Une espèce protégée et classée vulnérable
De son nom scientifique « Dermochelys coriacea », la tortue luth est « la plus grande des sept espèces actuelles de tortues marines, la plus grande des tortues de manière générale, et le quatrième plus grand reptile après trois crocodiliens », selon le site des Parcs nationaux de France. Espèce protégée en France, elle est classée « vulnérable » à l'échelle mondiale et figure depuis 2013 sur la liste rouge de l'Union internationale pour la conservation de la nature (UICN).
Sa particularité : « ne pas avoir une carapace osseuse comme les autres tortues marines. Sa dossière est constituée d'une fine peau recouvrant une épaisse couche de graisse lui donnant ainsi l'aspect du cuir », apprend-on sur le site des Parcs nationaux de France.
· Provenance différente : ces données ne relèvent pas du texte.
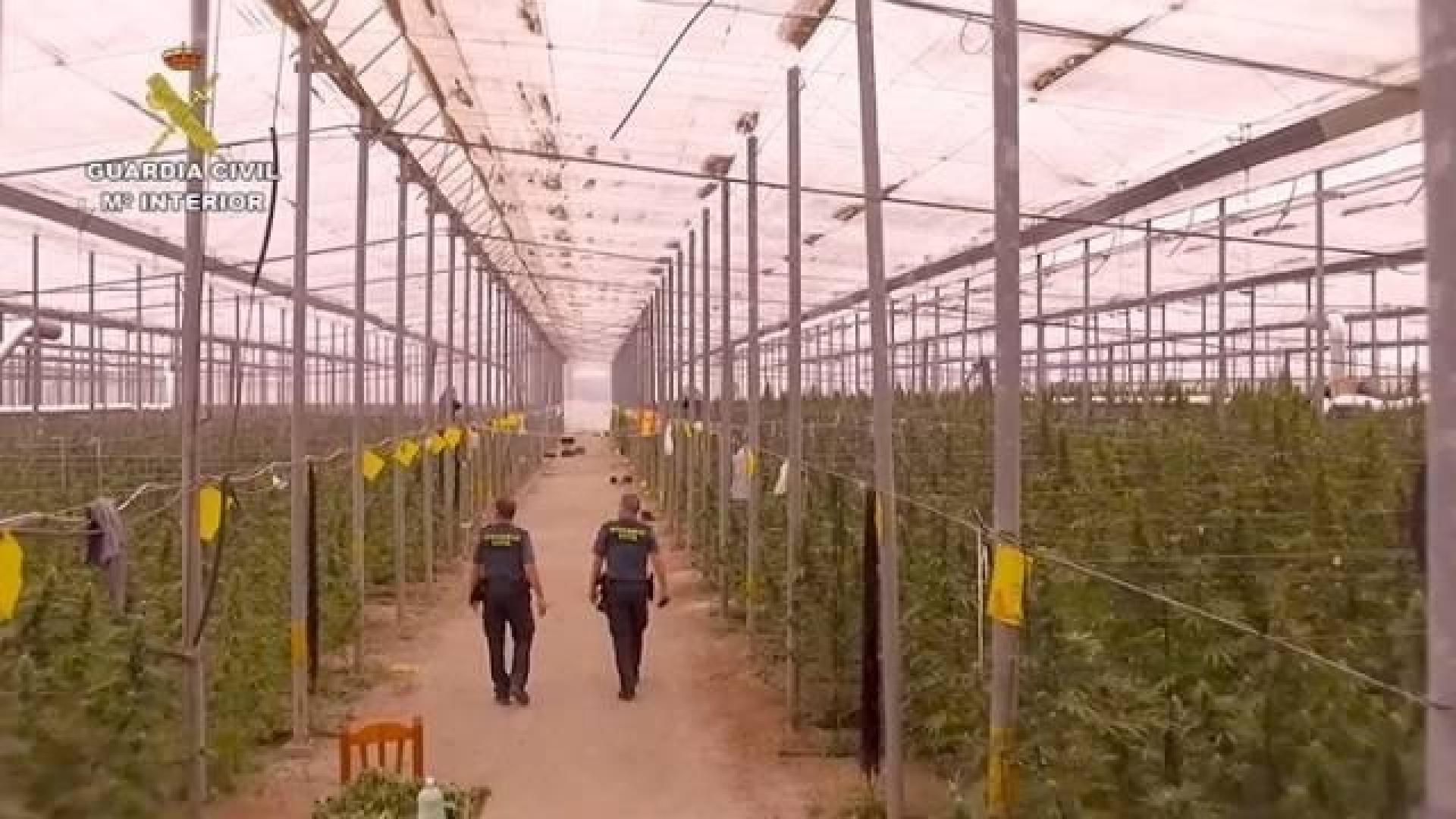 Desmantelan una red de cultivo de marihuana en Almería y Alicante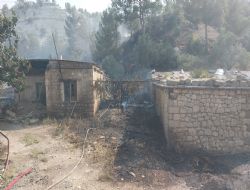 Mut'ta tar�m arazisineki  yang�n korkuttu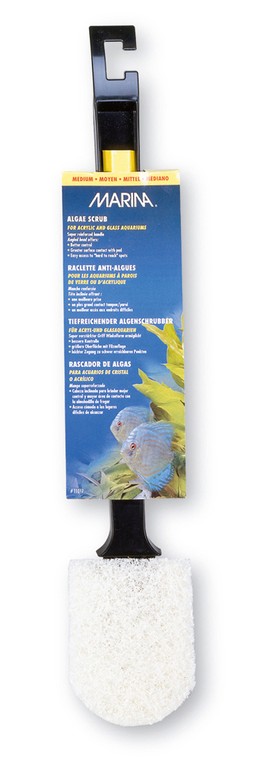 Изображение на странице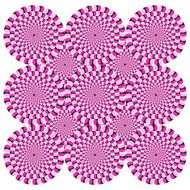 Optical illusion N8
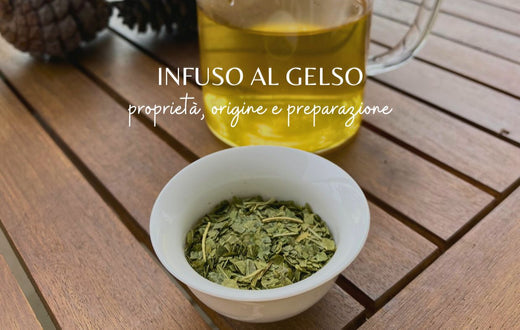 Infuso al Gelso: guida ai benefici, proprietà, origine e preparazione - Hindigena Teas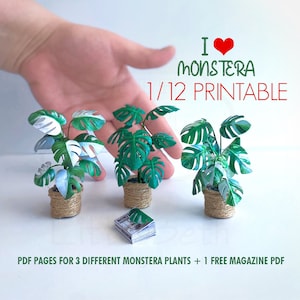 Druckbare Miniatur Pflanzen Monstera Puppenhaus-Set. 1:12 Maßstab. Deliciosa, Albo, Half Moon, 3 verschiedene DIY PaperCraft dekorative Zimmerpflanzen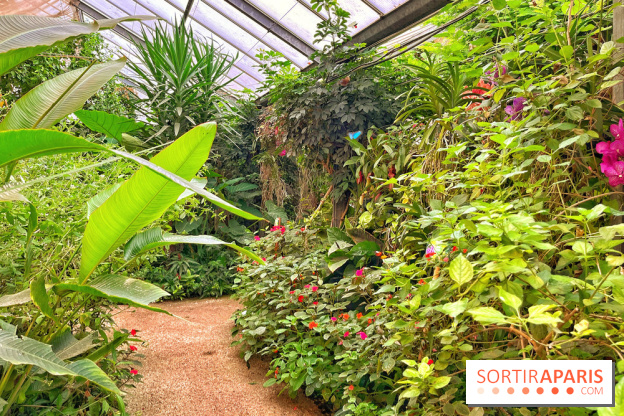 Serre Papillons - La Queue-lez-Yvelines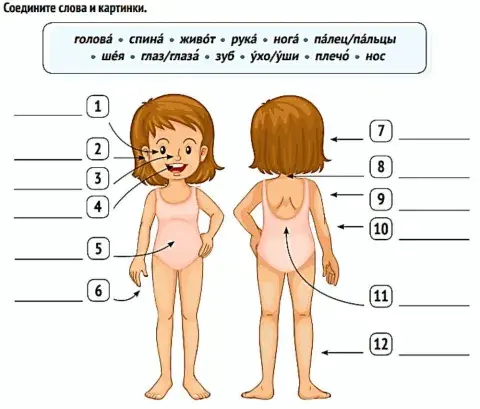 Части тела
Malgré ses dimensions colossales — en moyenne 500 kg pour une longueur de 180 cm — la tortue luth reste très fragile, incapable de se replier à l'intérieur de sa carapace.
Une présence exceptionnelle en Méditerranée
Selon Thierry Perez, spécialiste de l'Institut méditerranéen de biodiversité et d'écologie marine et continentale à Endoume, interrogé par La Provence, sa présence dans cette zone de la Méditerranée « est exceptionnelle et le restera ». Le quotidien précise qu'en 50 ans, seulement neuf spécimens ont été observés dans le secteur.
Le sort de cette géante des mers en rade de Marseille serait funeste, d'après les différents témoignages recueillis par le journal, mais aucune confirmation officielle n'a été apportée à ce stade.